Exercise aim
What you return must match the records below exactly, down to each character.

Supplied material
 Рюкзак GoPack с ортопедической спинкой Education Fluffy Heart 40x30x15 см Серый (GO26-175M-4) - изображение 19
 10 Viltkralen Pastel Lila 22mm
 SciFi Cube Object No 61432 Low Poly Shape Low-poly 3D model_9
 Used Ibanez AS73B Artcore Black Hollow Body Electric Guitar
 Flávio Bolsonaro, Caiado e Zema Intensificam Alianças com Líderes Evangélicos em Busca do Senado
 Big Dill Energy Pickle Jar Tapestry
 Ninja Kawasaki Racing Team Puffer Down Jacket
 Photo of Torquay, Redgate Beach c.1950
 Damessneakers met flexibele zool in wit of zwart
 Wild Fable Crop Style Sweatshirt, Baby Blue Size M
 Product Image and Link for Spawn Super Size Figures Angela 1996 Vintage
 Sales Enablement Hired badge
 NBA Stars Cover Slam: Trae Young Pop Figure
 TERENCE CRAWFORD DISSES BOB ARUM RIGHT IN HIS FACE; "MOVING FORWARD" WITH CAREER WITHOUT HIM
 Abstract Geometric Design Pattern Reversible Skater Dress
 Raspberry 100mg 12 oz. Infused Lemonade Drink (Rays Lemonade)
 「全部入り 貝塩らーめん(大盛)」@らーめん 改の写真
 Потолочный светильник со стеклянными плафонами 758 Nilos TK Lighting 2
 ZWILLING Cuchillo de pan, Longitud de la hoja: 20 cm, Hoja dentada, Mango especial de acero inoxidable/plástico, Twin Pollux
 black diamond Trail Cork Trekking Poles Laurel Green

Completed task
 Рюкзак GoPack с ортопедической спинкой Education Fluffy Heart 40x30x15 см Серый (GO26-175M-4) - изображение 19
 10 Viltkralen Pastel Lila 22mm
 SciFi Cube Object No 61432 Low Poly Shape Low-poly 3D model_9
 Used Ibanez AS73B Artcore Black Hollow Body Electric Guitar
 Flávio Bolsonaro, Caiado e Zema Intensificam Alianças com Líderes Evangélicos em Busca do Senado
 Big Dill Energy Pickle Jar Tapestry
 Ninja Kawasaki Racing Team Puffer Down Jacket
 Photo of Torquay, Redgate Beach c.1950
 Damessneakers met flexibele zool in wit of zwart
 Wild Fable Crop Style Sweatshirt, Baby Blue Size M
 Product Image and Link for Spawn Super Size Figures Angela 1996 Vintage
 Sales Enablement Hired badge
 NBA Stars Cover Slam: Trae Young Pop Figure
 TERENCE CRAWFORD DISSES BOB ARUM RIGHT IN HIS FACE; "MOVING FORWARD" WITH CAREER WITHOUT HIM
 Abstract Geometric Design Pattern Reversible Skater Dress
 Raspberry 100mg 12 oz. Infused Lemonade Drink (Rays Lemonade)
 「全部入り 貝塩らーめん(大盛)」@らーめん 改の写真
 Потолочный светильник со стеклянными плафонами 758 Nilos TK Lighting 2
 ZWILLING Cuchillo de pan, Longitud de la hoja: 20 cm, Hoja dentada, Mango especial de acero inoxidable/plástico, Twin Pollux
 black diamond Trail Cork Trekking Poles Laurel Green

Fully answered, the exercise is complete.